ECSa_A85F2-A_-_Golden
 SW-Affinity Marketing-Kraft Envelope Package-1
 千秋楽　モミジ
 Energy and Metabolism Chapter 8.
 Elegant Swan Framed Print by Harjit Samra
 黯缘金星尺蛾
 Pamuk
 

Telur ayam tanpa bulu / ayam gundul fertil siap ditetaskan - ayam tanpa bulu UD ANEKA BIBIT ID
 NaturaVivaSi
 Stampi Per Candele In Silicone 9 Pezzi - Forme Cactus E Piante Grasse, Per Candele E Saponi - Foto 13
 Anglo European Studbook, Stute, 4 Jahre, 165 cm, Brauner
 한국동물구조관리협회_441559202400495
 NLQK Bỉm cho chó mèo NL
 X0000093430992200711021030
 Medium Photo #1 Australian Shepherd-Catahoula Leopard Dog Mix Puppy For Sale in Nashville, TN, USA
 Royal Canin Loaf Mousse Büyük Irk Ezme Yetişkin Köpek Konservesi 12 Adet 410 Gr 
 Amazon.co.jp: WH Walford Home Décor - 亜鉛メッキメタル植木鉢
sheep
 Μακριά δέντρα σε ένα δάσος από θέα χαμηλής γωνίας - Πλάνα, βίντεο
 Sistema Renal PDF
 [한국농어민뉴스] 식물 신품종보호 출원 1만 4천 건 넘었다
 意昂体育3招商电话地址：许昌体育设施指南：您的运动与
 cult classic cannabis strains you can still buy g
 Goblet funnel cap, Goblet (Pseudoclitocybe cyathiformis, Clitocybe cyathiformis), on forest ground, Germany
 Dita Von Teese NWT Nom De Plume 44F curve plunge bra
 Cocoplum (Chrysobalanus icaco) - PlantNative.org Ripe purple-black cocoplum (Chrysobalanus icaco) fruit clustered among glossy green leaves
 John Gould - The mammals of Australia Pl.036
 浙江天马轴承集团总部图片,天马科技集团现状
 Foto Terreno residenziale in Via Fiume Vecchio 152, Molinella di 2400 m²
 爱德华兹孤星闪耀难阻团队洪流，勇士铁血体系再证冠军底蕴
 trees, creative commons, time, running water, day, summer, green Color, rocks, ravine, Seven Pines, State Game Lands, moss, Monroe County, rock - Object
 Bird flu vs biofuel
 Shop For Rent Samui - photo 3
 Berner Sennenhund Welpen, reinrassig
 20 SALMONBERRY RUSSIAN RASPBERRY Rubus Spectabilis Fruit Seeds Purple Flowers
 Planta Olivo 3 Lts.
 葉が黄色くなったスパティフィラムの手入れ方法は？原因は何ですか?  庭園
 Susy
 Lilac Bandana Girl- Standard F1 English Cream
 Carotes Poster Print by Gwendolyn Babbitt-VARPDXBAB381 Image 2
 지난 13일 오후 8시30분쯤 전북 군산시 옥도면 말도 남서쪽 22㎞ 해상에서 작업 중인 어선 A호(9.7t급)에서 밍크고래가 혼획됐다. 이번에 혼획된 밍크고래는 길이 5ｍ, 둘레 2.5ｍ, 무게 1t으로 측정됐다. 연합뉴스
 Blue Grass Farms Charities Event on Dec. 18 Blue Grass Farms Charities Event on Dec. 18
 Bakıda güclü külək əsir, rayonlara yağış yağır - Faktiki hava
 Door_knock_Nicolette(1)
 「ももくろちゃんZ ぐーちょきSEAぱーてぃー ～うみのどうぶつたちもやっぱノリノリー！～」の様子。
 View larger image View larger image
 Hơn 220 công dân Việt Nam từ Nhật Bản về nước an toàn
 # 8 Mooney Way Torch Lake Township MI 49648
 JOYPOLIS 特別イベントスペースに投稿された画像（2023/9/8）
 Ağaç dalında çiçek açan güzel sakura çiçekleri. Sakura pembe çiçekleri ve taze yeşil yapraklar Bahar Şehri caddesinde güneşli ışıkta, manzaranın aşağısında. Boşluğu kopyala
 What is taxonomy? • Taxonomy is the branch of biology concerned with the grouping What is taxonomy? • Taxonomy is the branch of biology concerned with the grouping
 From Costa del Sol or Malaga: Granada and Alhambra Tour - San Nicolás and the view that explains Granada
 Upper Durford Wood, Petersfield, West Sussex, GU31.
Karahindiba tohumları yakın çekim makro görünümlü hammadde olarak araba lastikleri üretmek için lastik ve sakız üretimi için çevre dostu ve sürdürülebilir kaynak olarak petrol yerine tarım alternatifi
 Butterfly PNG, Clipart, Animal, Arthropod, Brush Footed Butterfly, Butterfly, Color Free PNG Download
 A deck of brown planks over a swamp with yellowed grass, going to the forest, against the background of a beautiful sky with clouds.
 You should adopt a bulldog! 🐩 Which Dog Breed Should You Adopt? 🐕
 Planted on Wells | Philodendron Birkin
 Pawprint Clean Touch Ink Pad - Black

Description of the task
Take the entries above and return only the lines from the one with "NLQK Bỉm cho chó mèo NL" to the one with "Carotes Poster Print", both included, unchanged.

Output
 NLQK Bỉm cho chó mèo NL
 X0000093430992200711021030
 Medium Photo #1 Australian Shepherd-Catahoula Leopard Dog Mix Puppy For Sale in Nashville, TN, USA
 Royal Canin Loaf Mousse Büyük Irk Ezme Yetişkin Köpek Konservesi 12 Adet 410 Gr 
 Amazon.co.jp: WH Walford Home Décor - 亜鉛メッキメタル植木鉢
sheep
 Μακριά δέντρα σε ένα δάσος από θέα χαμηλής γωνίας - Πλάνα, βίντεο
 Sistema Renal PDF
 [한국농어민뉴스] 식물 신품종보호 출원 1만 4천 건 넘었다
 意昂体育3招商电话地址：许昌体育设施指南：您的运动与
 cult classic cannabis strains you can still buy g
 Goblet funnel cap, Goblet (Pseudoclitocybe cyathiformis, Clitocybe cyathiformis), on forest ground, Germany
 Dita Von Teese NWT Nom De Plume 44F curve plunge bra
 Cocoplum (Chrysobalanus icaco) - PlantNative.org Ripe purple-black cocoplum (Chrysobalanus icaco) fruit clustered among glossy green leaves
 John Gould - The mammals of Australia Pl.036
 浙江天马轴承集团总部图片,天马科技集团现状
 Foto Terreno residenziale in Via Fiume Vecchio 152, Molinella di 2400 m²
 爱德华兹孤星闪耀难阻团队洪流，勇士铁血体系再证冠军底蕴
 trees, creative commons, time, running water, day, summer, green Color, rocks, ravine, Seven Pines, State Game Lands, moss, Monroe County, rock - Object
 Bird flu vs biofuel
 Shop For Rent Samui - photo 3
 Berner Sennenhund Welpen, reinrassig
 20 SALMONBERRY RUSSIAN RASPBERRY Rubus Spectabilis Fruit Seeds Purple Flowers
 Planta Olivo 3 Lts.
 葉が黄色くなったスパティフィラムの手入れ方法は？原因は何ですか?  庭園
 Susy
 Lilac Bandana Girl- Standard F1 English Cream
 Carotes Poster Print by Gwendolyn Babbitt-VARPDXBAB381 Image 2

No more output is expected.